● Exercise description
A verbatim copy is needed of the lines below from the one containing "New in package" up to and including the one containing "Maxjoy Corn Peeler", excluding pictures.

● Data records
****************************************

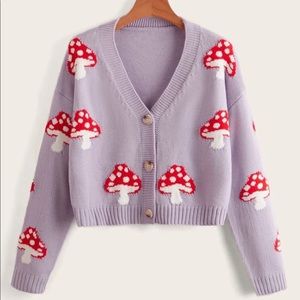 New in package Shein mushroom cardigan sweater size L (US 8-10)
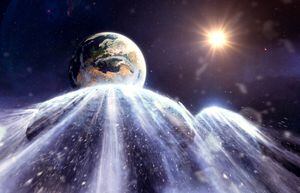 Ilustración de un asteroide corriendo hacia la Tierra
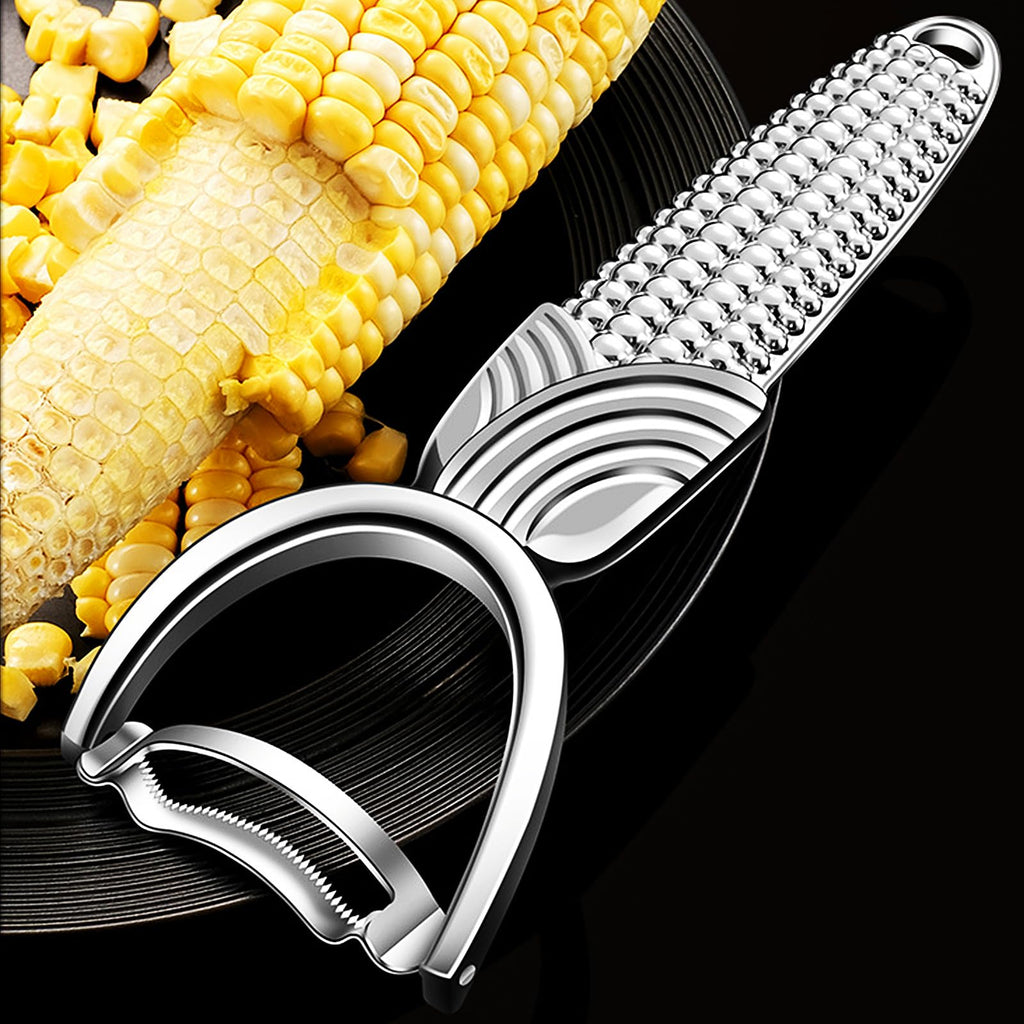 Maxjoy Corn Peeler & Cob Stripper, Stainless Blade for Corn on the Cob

****************************************

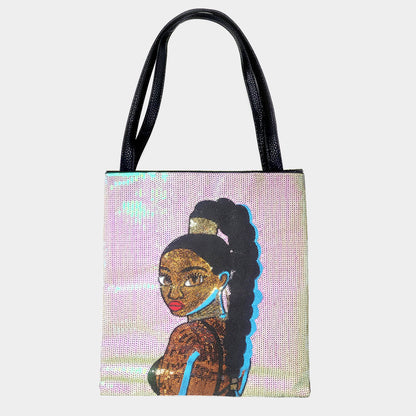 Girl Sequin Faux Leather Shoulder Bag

****************************************

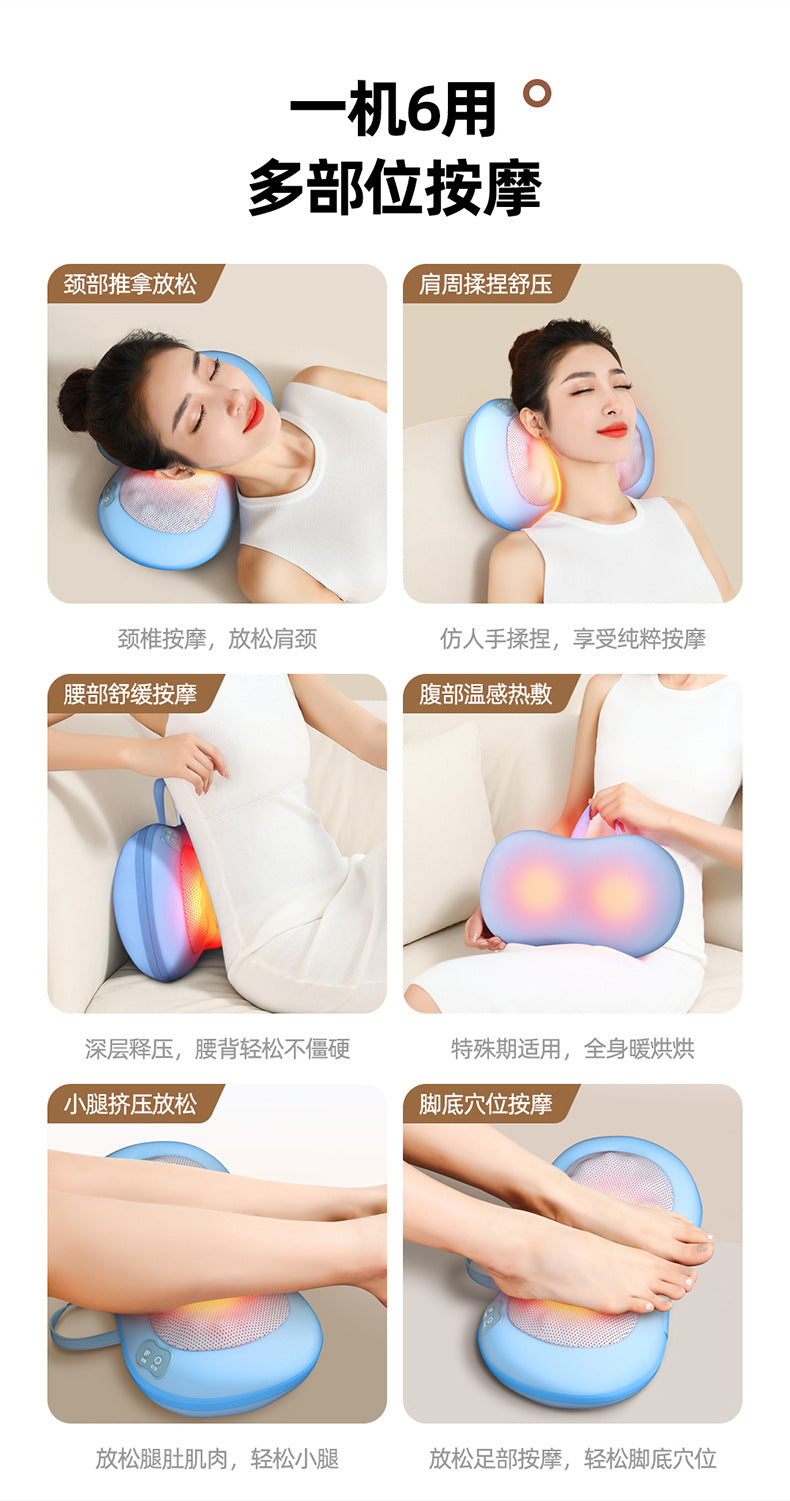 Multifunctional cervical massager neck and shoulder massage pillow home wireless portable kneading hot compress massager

****************************************

● Exercise response
 New in package Shein mushroom cardigan sweater size L (US 8-10)
 Ilustración de un asteroide corriendo hacia la Tierra
 Maxjoy Corn Peeler & Cob Stripper, Stainless Blade for Corn on the Cob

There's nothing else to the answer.